Between the Pundits: “Moral obligations at best”

Not surprisingly, yesterday’s report from the Foreign Affairs committee, recommending that the government demand Omar Khadr’s repatriation to face charges under Canadian law, features a written dissent from the government. It complains that the report “downplays Mr. Khadr’s alleged crimes and ties to terrorism while framing the government’s failure to repatriate him as a violation of Canadian laws,” and that it exaggerates the feasibility of trying him under Canadian law and restricting his movements, associations and activities once he returns. As position papers go, it’s not particularly substantial or groundbreaking—its basic message is “that a balance [must] be struck between individual rights and national security considerations.” But given that it’s not Peter Van Loan accusing Stéphane Dion of making sweet love to Mullah Omar, it’s pretty much the best we have to go on. So, a few thoughts:

The dissent raises the “child soldier” issue only to note that “there is nothing in the optional protocol on the involvement of children in armed conflict, customary international law, Canadian law, or U.S. federal law that bars the prosecution of a minor for war crimes.” This is true, though, since the government brought it up, it’s worth noting the optional protocol also demands that child soldiers be offered “all appropriate assistance for their physical and psychological recovery and their social reintegration.” Which brings us to this: “If returned to Canada, the government believes Mr. Khadr would have no other recourse than to reestablish his ties with his family, a group of suspected terrorist-sympathizers espousing an extremists [sic] ideology.”
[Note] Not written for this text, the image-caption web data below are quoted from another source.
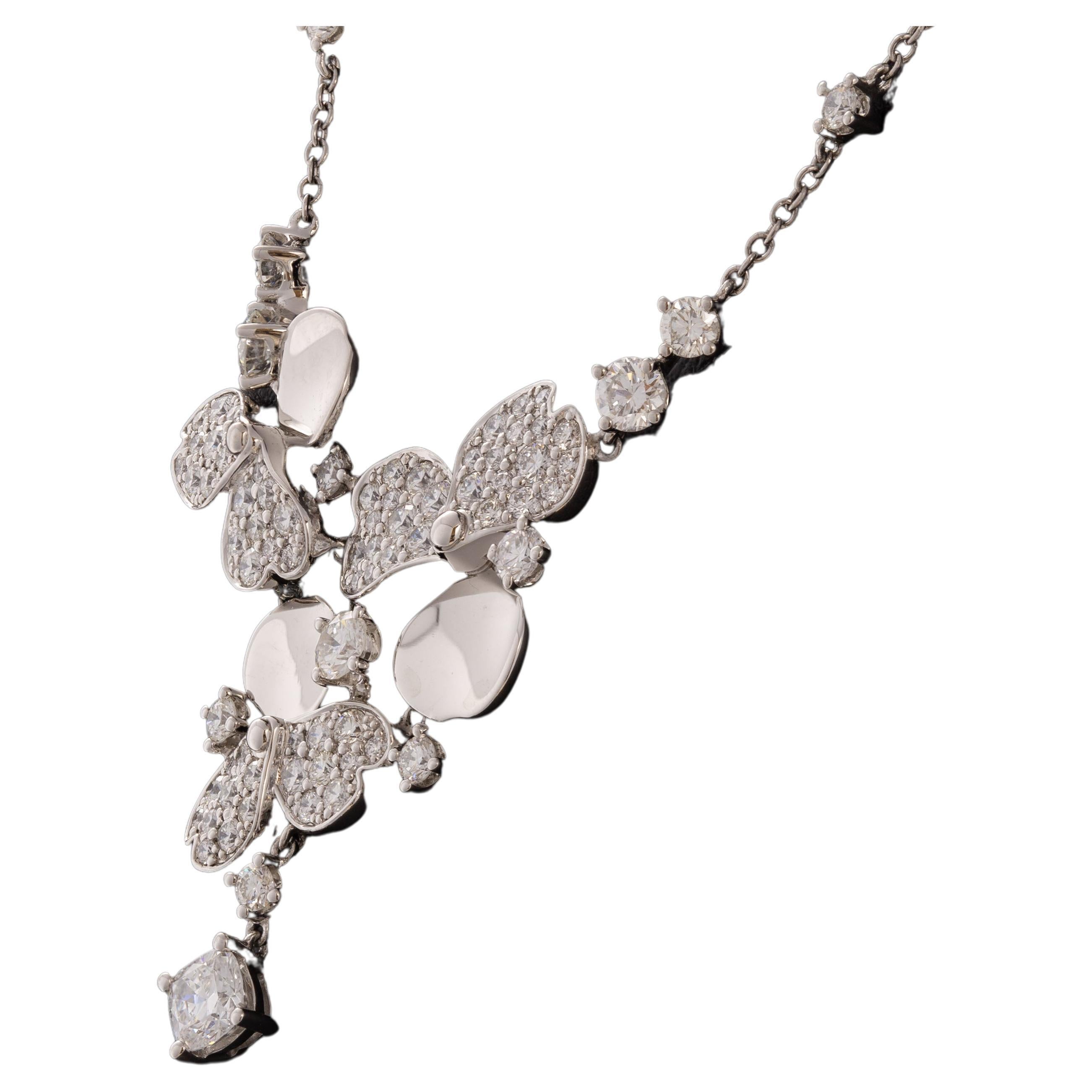 Tiffany & Co. Platin Diamant Papier Blumen Halskette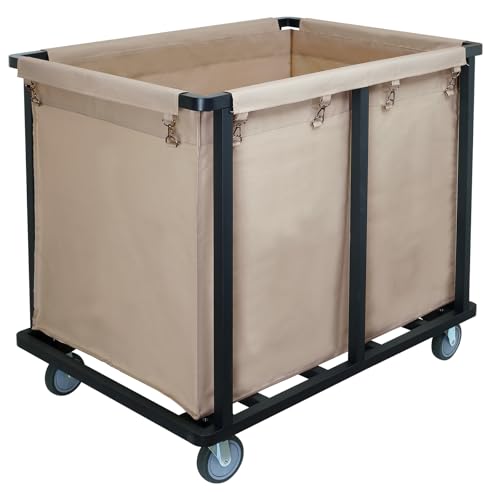 Commercial Laundry Cart with Wheels,400L Large Laundry Cart | 600 lbs Industrial Laundry Hamper,Steel Frame and Oxford Cloth Bag,Commercial Laundry Hamper for Home,Hotel,Housekeeping - color: Khaki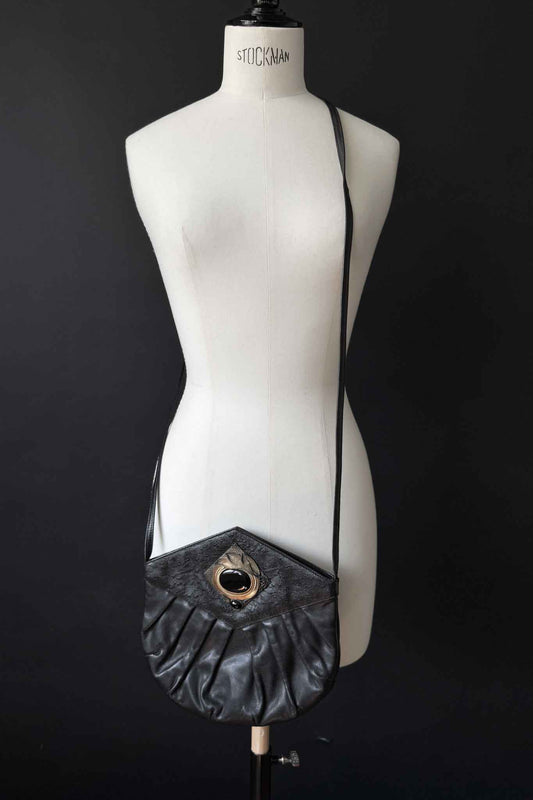 Vintage Leder Umhängetasche mit Schmuckverschluss
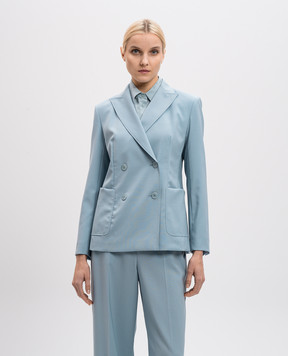 Max Mara Weekend Блакитний двобортний жакет NERVOSO з вовни NERVOSO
This is indeed a legitimate concern—which Khadr’s lawyers are trying to address. But sadly, this is the sort of thing that happens when your father takes you to Afghanistan at age 10, moves you into Osama bin Laden’s compound at age 12, enrolls you in terrorist training and then dies in a firefight with invading infidels. Eventually you find yourself alone in a mud hut besieged by American soldiers with two bullet holes in your chest, praying for death. Beyond outfitting Omar in a boy scout uniform with a slingshot in the back pocket, it’s difficult to imagine what more Ahmed Said Khadr could have done to make his son eligible for the full slate of child soldier protections. If the government simply doesn’t believe in the concept of child soldiers, it should probably set about un-ratifying the protocol. In the meantime, given its justifiable concerns over the remaining Khadrs, perhaps it could explain why it (and its hideous Liberal forbears, of course) has allowed Karim Khadr—who was paralyzed at age 14 in the same 2003 firefight that killed his father—to live with his mother in Toronto for the last four years.

The government is also very perplexed by the short shrift the committee gave to Washington lawyer Howard Anglin, the witness who argued (in the government’s words) “that Canada’s obligations to Omar Khadr are moral obligations at best”—phew!—and that “leaving his fate in the hands of the United States should not linger negatively in the moral conscious [sic] of the nation.” This is particularly ironic in light of the government’s dismissal of Craig Forcese’s University of Ottawa law students, who exhaustively studied and assessed the options for charging Khadr under Canadian law, as “well-intentioned, yet inexperienced.”

Anglin’s name rattled around in my brain for a few days at the time of his testimony until it clicked: he wrote a really excellent food-and-drink column for the McGill Tribune‘s A&E section, of which I was co-editor. In 1998. He struck me as a really swell guy, and he seems to be building a successful practice “counsel[ling] telecommunications, insurance and other clients regarding arbitrations and appellate litigation in state and federal courts and in connection with matters before federal agencies.” (He also writes articles with Alykhan Velshi, who, as Colleague O’Malley noted last month, works in Jason Kenney’s office.) But a legal titan he is not. In fact, though the Kenney connection at least explains how he came to the government’s attention, some might say that calling an unknown quantity such as Anglin before the committee to counterbalance a Canada Day Parade of distinguished voices who supported Khadr’s repatriation was kind of… pathetic. (No offence intended, Howard, if I can still call you that. Hope you enjoyed Ottawa.)

Finally, and perhaps most curiously, the government argues that “Mr. Khadr could become a litmus test on Canada’s commitment to impeding global terrorism.” Jeez, even after all those years and flag-draped coffins in Afghanistan, eh? It’s certainly possible the Americans would prefer Khadr stick around in Cuba. As Lt. Cmdr. William Kuebler, Khadr’s fabulously pugnacious military lawyer, told a House of Commons committee last month, prosecutors once saw Khadr’s case—”the fact that he had allegedly killed a soldier, that there was a real victim, that there was a family, and so forth”—as one on which they could pin the validity of the whole military tribunal process. But that was before those doofuses at the US Supreme Court got their grubby little freedom-hating paws into the mix, reducing Guantanamo’s credibility to crisis levels. Australia repatriated its detainees, as did Britain, and George W. Bush still takes calls from their prime ministers’ offices as far as we know. So what’s the difference? Is it because we didn’t go to Iraq?